Catch a Fire

Susan Granger’s review of “Catch a Fire” (Focus Features)

Examining whether the end justifies the means, this latest anti-apartheid drama, based on real people and events that took place a quarter-century ago, explores the thin line between a political terrorist and a freedom-fighter.
Patrick Charmusso (Derek Luke) is an apolitical Secunda oil refinery foreman who has a beautiful wife, aptly named Precious (Bonnie Henna), two daughters and a mother to support. When he’s confronted by Nic Vos (Tim Robbins), a vicious colonel in the Police Security Branch, about an act of sabotage committed by terrorists, he cannot provide a truthful alibi without disclosing that he’s having an extra-marital affair. As a result, he’s unjustly accused of espionage and subjected to brutal, state-sanctioned torture; the life that he once enjoyed is over.

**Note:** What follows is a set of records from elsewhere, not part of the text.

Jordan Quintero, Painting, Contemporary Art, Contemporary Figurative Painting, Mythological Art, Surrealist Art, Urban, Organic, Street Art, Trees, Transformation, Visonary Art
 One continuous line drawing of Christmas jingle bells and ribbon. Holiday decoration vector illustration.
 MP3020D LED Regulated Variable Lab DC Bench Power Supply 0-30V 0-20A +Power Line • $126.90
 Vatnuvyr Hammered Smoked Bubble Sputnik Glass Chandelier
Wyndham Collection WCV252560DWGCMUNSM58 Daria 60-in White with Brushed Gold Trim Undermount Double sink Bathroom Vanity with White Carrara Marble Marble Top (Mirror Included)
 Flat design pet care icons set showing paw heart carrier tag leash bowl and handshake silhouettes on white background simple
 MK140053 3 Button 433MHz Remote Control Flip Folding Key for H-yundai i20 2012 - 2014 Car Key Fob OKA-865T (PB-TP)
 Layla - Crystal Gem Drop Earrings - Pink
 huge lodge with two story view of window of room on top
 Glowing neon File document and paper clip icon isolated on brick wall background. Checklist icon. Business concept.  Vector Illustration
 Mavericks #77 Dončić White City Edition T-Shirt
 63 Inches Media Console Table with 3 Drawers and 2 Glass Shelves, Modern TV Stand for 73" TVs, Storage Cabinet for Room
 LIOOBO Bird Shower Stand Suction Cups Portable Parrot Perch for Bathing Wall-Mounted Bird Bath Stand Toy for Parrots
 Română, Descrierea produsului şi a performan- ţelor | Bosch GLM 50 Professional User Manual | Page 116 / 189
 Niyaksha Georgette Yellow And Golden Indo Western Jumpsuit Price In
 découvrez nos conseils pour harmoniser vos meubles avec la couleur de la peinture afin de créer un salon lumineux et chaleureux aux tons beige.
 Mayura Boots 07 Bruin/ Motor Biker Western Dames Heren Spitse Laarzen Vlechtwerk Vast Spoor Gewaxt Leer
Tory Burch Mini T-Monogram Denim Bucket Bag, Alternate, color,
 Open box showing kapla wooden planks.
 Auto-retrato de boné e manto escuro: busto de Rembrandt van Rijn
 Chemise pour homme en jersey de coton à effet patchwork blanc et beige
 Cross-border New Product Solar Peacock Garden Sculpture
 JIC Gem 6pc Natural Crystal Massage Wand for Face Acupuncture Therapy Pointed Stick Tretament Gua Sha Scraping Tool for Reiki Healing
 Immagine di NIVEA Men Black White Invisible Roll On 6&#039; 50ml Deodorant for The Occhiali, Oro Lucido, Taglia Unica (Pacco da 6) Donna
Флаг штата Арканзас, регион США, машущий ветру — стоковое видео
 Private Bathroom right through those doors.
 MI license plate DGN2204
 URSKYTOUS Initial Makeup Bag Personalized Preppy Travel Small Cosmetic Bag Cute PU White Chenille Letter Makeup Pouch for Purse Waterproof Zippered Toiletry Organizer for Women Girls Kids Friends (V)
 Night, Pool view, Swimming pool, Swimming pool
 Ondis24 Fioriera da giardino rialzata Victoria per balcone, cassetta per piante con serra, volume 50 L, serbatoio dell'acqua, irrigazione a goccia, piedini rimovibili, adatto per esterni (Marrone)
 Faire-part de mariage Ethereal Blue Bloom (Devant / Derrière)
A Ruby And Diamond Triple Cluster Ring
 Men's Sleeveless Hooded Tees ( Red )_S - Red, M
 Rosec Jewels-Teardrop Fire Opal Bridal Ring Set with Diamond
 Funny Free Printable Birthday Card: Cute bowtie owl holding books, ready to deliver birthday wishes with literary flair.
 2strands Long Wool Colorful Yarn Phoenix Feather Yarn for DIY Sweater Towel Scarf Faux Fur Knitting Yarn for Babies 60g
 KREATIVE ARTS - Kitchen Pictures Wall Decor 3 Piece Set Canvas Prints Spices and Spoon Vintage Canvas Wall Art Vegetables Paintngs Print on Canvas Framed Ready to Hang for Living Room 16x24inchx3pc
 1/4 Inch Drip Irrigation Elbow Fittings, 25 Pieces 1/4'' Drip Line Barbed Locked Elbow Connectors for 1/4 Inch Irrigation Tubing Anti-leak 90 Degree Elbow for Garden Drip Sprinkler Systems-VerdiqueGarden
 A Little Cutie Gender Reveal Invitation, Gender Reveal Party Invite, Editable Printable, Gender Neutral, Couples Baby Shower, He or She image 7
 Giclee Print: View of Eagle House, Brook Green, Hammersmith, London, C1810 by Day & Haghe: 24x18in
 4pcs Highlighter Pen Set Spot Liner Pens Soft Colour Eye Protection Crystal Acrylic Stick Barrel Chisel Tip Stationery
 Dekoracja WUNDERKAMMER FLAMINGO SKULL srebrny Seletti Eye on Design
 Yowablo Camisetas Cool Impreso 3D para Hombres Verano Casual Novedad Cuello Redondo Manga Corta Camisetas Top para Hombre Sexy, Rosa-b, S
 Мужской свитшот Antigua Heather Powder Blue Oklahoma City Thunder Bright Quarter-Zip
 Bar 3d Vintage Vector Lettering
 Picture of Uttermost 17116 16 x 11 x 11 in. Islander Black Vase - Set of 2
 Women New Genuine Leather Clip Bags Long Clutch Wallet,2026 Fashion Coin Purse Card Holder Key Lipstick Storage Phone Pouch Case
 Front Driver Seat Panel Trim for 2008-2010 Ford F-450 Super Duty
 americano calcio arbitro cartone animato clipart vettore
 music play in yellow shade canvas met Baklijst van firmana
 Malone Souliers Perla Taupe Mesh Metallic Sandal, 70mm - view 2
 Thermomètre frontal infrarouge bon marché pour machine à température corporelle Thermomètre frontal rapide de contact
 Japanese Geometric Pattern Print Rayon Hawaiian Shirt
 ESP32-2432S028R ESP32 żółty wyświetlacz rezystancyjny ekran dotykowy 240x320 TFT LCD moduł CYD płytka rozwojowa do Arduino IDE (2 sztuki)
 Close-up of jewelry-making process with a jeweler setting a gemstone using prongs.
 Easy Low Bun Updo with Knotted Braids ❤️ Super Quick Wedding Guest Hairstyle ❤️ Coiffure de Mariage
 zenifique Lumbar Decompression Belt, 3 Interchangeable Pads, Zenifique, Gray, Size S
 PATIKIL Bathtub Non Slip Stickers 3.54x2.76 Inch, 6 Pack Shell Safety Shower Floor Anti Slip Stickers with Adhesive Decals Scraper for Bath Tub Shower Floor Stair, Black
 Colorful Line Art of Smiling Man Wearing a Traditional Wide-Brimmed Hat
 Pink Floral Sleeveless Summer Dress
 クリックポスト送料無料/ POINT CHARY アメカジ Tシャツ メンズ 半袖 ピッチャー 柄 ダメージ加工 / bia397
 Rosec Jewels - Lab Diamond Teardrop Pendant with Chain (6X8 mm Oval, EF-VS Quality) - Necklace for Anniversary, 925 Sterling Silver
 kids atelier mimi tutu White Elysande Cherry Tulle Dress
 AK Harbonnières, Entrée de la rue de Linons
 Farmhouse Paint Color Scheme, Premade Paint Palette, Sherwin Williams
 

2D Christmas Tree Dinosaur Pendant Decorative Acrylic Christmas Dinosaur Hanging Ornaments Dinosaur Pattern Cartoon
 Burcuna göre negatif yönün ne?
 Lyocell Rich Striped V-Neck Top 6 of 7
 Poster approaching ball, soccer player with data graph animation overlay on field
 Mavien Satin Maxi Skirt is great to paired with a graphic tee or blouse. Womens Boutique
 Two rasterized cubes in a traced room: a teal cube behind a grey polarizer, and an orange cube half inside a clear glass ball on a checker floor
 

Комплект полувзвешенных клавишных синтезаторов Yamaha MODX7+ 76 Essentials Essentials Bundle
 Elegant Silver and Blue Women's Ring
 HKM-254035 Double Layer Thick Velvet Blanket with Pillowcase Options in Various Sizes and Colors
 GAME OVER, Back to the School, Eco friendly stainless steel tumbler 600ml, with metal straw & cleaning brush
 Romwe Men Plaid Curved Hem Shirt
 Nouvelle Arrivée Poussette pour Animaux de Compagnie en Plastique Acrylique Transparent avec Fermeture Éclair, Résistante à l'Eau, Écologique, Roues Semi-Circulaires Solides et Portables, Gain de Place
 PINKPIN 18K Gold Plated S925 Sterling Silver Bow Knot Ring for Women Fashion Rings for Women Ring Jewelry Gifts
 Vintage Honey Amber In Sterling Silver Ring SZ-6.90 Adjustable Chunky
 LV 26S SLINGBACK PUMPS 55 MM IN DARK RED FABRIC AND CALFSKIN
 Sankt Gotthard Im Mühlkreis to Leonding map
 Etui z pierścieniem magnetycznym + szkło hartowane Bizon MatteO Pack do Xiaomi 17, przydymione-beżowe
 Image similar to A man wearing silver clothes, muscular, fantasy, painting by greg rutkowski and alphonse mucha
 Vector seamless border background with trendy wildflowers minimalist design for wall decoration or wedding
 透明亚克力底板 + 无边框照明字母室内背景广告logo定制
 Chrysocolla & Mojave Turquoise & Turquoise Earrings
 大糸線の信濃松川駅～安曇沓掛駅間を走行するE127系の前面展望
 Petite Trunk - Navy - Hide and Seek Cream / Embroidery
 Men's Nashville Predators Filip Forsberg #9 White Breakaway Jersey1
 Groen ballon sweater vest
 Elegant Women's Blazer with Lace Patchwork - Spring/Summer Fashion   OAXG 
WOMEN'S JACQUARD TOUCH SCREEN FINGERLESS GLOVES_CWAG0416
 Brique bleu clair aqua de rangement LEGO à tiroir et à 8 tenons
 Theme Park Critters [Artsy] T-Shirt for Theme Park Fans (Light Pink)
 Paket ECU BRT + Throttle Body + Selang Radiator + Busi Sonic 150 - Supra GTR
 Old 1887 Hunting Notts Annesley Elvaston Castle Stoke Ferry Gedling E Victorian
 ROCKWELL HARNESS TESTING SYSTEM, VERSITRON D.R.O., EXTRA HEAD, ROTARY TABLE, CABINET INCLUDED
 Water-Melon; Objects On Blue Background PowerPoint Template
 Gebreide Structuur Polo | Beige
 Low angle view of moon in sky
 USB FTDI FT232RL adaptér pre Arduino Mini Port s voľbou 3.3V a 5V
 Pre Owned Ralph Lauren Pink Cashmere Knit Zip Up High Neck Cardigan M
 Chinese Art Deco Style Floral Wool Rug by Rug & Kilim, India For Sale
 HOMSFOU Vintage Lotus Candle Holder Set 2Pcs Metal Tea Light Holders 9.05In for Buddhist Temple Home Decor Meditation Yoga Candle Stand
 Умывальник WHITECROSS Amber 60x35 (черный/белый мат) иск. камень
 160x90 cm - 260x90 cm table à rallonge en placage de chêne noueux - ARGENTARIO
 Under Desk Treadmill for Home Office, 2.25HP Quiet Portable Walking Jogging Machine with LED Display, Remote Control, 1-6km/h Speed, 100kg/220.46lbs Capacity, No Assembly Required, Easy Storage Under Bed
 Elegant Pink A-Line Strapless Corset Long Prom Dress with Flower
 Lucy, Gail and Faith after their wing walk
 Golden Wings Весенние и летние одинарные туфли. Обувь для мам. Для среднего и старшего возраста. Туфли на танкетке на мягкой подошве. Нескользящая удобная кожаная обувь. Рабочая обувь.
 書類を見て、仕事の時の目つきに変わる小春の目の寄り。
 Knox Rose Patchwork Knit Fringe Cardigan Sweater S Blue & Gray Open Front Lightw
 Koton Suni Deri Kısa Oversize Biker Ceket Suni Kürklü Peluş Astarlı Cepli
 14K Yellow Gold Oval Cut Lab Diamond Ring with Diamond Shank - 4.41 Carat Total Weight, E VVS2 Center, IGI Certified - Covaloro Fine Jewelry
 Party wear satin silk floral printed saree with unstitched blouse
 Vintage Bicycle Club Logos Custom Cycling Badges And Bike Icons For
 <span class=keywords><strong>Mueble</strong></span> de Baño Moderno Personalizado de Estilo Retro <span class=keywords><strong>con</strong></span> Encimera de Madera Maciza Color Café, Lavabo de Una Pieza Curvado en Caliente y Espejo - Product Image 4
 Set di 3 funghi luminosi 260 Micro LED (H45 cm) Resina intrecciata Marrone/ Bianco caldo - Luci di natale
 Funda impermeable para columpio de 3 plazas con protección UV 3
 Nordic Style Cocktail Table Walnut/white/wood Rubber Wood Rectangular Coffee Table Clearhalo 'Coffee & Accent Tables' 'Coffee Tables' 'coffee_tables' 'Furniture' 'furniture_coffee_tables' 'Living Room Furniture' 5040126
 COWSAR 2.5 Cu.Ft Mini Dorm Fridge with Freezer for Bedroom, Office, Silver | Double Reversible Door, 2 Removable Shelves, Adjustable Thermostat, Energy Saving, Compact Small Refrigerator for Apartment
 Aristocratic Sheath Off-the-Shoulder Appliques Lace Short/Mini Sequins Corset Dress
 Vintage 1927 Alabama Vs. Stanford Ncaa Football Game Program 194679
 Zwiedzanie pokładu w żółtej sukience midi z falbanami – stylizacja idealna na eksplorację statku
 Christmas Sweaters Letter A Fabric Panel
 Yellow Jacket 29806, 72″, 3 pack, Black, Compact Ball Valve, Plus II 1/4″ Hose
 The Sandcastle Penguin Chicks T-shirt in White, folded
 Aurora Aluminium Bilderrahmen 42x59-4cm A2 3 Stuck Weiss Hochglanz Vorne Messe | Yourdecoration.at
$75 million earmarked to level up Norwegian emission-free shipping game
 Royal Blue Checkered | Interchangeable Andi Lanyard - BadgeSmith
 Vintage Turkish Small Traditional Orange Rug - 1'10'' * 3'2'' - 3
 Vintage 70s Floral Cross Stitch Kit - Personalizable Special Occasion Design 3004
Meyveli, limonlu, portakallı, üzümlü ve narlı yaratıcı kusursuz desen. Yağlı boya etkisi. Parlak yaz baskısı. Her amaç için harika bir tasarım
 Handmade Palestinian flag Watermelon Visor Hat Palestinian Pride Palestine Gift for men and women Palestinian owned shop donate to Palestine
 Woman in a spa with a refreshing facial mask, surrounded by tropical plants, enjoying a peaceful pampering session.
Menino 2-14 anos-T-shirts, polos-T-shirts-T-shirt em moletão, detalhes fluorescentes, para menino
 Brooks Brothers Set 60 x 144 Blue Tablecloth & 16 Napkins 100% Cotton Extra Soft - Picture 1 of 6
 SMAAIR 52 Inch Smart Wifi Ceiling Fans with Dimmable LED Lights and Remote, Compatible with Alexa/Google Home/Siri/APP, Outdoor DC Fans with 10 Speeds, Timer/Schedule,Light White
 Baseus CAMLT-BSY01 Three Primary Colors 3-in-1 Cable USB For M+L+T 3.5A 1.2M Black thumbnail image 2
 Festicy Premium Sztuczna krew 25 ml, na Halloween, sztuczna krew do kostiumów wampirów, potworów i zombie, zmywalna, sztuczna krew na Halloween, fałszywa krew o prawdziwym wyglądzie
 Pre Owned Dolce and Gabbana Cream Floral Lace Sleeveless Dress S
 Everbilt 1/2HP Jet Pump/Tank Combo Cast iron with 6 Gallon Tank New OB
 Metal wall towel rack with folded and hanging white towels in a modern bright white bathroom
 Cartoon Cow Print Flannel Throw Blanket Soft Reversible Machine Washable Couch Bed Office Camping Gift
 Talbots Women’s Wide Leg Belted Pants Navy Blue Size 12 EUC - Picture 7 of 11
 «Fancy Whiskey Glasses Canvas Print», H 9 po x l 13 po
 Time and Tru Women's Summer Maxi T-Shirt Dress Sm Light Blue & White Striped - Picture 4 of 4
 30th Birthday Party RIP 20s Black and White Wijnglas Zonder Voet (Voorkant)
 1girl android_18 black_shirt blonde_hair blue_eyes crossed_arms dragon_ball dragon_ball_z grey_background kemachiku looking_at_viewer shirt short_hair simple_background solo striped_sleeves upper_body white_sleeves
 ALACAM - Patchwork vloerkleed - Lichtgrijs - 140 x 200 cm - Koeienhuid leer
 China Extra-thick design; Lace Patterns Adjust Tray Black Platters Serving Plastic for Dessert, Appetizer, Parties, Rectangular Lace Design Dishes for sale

Having survived that excruciating experience, he emerges radicalized, ready to join a resistance cell training in Mozambique that’s part of the African National Congress. The next time he’s arrested for sabotage, he’s guilty-as-charged, serving 10 years of a 24-year prison sentence, alongside Nelson Mandela, until his release under a 1991 amnesty.
Written by Shawn Slovo, daughter of South African activist Joe Slovo, and directed by Philip Noyce (“Rabbit-Proof Fence,” “The Quiet American”), it favors cross-cutting speed over specificity, while drawing obvious parallels to contemporary insurgents. As Charmusso and his cohorts yell “Kill the Boer soldier!” it’s hard not to think that somewhere in the Middle East, militants are yelling, “Kill the American soldier!”
On the other hand, Derek Luke (“Friday Night Lights,” “Antwone Fisher”) and Tim Robbins deliver chilling, psychologically-convincing performances that transcend their material. On the Granger Movie Gauge of 1 to 10, Catch a Fire” is a conscience-themed 6, revealing a wrong man trapped in the wrong place at the wrong time.